The task: Leave out the images; return the rest of the data exactly.

▼

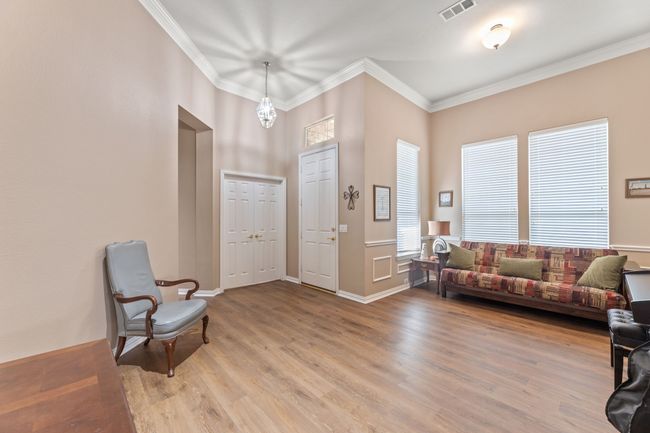Foyer entrance featuring light wood-style floors, ornamental molding, baseboards, and a chandelier | Image 7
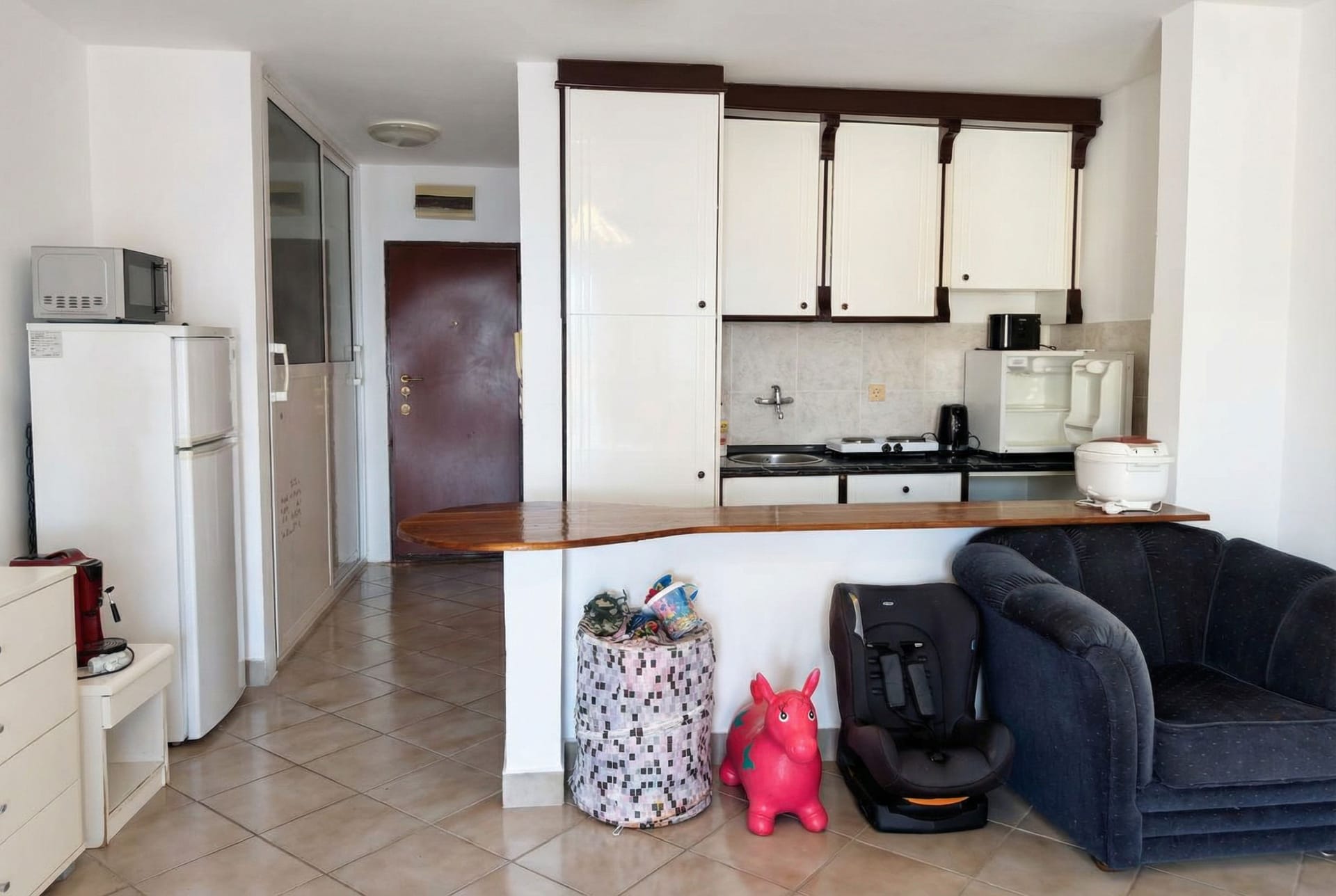 Kitchen-living room with a bar counter in an apartment in Sveti Stefan, Montenegro: white cabinets, tiled floor, and upholstered furniture.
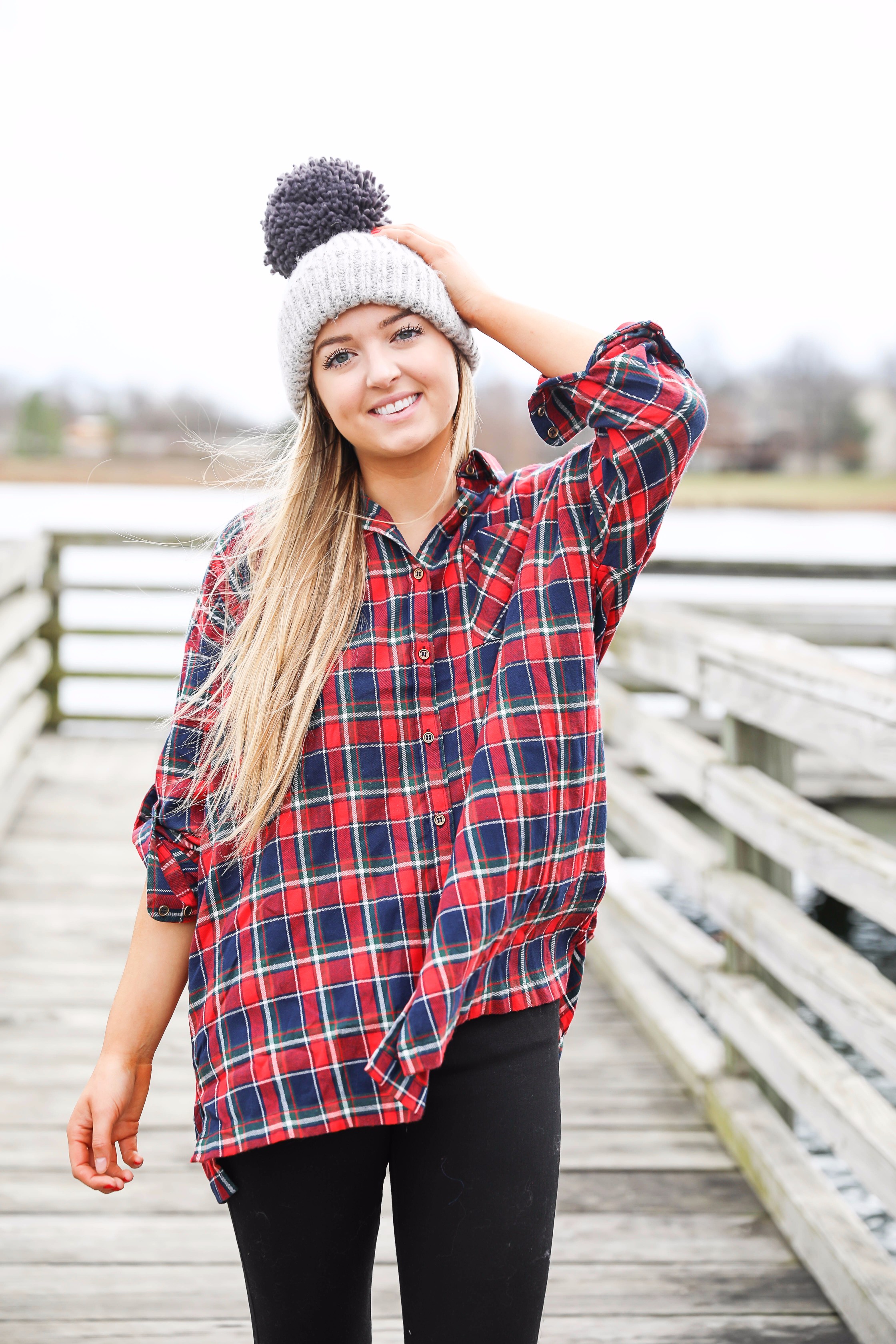 Cute flannel outfit with beanie and monogramed duck boots! Cute fall and winter camping outfit idea! Details on the fashion blog daily dose of charm by lauren lindmark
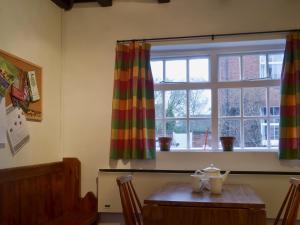 a dining room with a table and a window at Swiss Cottage - E5375 in Alrewas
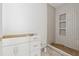 Modern bathroom shows tiled shower, recessed shower niche and vanity awaiting completion for a sleek design at 388 Londonberry Road, Sandy Springs, GA 30327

▲

Answer area:
Foyer entrance featuring light wood-style floors, ornamental molding, baseboards, and a chandelier | Image 7
 Kitchen-living room with a bar counter in an apartment in Sveti Stefan, Montenegro: white cabinets, tiled floor, and upholstered furniture.
 Cute flannel outfit with beanie and monogramed duck boots! Cute fall and winter camping outfit idea! Details on the fashion blog daily dose of charm by lauren lindmark
 a dining room with a table and a window at Swiss Cottage - E5375 in Alrewas
 Modern bathroom shows tiled shower, recessed shower niche and vanity awaiting completion for a sleek design at 388 Londonberry Road, Sandy Springs, GA 30327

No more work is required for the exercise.